Pegando, mais uma vez no exemplo do leite, era fundamental que o mercado ajustasse os preços, incorpora-se a inflação sentida nas matérias primas, na energia e nos custos salariais e refletisse tudo isso no valor final do produto à saída do produtor, em linha com a União Europeia. Este movimento levaria, obviamente, a um aumento do preço final ao consumidor, mas a uma maior justiça e transparência, num mercado que se diz livre e incorporado na economia mundial, mas é profundamente controlado e, neste caso, totalmente artificial.
Transpondo o leite para todo o sector agrícola, 2021 está a trazer-nos uma possível alteração significativa do paradigma na oferta alimentar e na relação dos produtores com as grandes superfícies. Pela primeira vez na história recente, a força passou para o lado dos produtores. A escassez na oferta, o aumento significativo dos custos de produção e a ausência de alternativas por parte dos compradores, têm levado a um endurecimento nas negociações por parte das marcas. Aumentos de 10% nos preços, passaram a ser normais (e até baixos). Não existe garantia de produto em sectores como o queijo, a carne ou os cereais. A procura (e o consumo) superam em muito a quantidade produzida e disponível. Esta alteração de paradigma terá, obrigatoriamente, de se refletir nos preços finais. Mais uma vez, teremos uma pressão forte e natural na inflação.

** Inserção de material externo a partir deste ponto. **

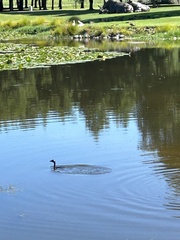 Poliocephalus rufopectus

Importa, ainda, dar uma nota de algumas razões pelas quais a oferta estar tão condicionada no sector agrícola e refletirmos sobre as nossas próprias responsabilidades. Não foi só a pandemia que fez parar todo o sector produtivo, levando a quebras assustadoras nas produções, reduções de stocks e dificuldades na distribuição e produção. Algumas decisões políticas, contribuíram substancialmente para alguns destes desequilíbrios. Analisando, uma vez mais, o sector do leite, a pressão ambiental para a redução do número de bovinos face ao seu impacto nas alterações climáticas, levou a que, obviamente, a produção tenha sofrido. Não chega querermos tornar o mundo mais sustentável. Não chega defendermos medidas de sustentabilidade e de redução de emissões. Nada disto chega quando continuamos a querer consumir o que já consumíamos ou mesmo aumentar essa pressão consumista. Existe um claro desequilíbrio entre o que se defende e o que se faz dentro de portas (e não estou com isto a fazer qualquer referência ao “incidente” de confundir estufas com túneis, embora me pareça paradoxal e exemplificativo do que se passa atualmente na nossa sociedade). É por isso importante, que exista uma consciencialização do papel de todos e dos impactos das nossas decisões e atos.
Como assumir a verdade pode (e deve) salvar um sector
Em resumo, é inevitável que a inflação suba de forma efetiva e é fundamental que se entenda que não assumir isso é dar informações erradas aos cidadãos e levar a que estes possam, no seu dia a dia, tomar decisões danosas para si e para as suas famílias. O caminho tem de passar por perceber que estes ajustes são necessários e que os mercados terão de ser ajudados, muito provavelmente, com uma alteração das políticas monetárias, com todos os impactos resultantes dessa decisão. Não podemos continuar a sacrificar o tecido produtivo com garrotes artificiais, para manter a popularidade. A situação é séria e é fundamental que se definam políticas de verdade e de respostas concretas, porque o futuro dos portugueses não termina a 30 de Janeiro. Se nada for feito, provavelmente antes disso terminará o futuro dos nossos produtores de leite.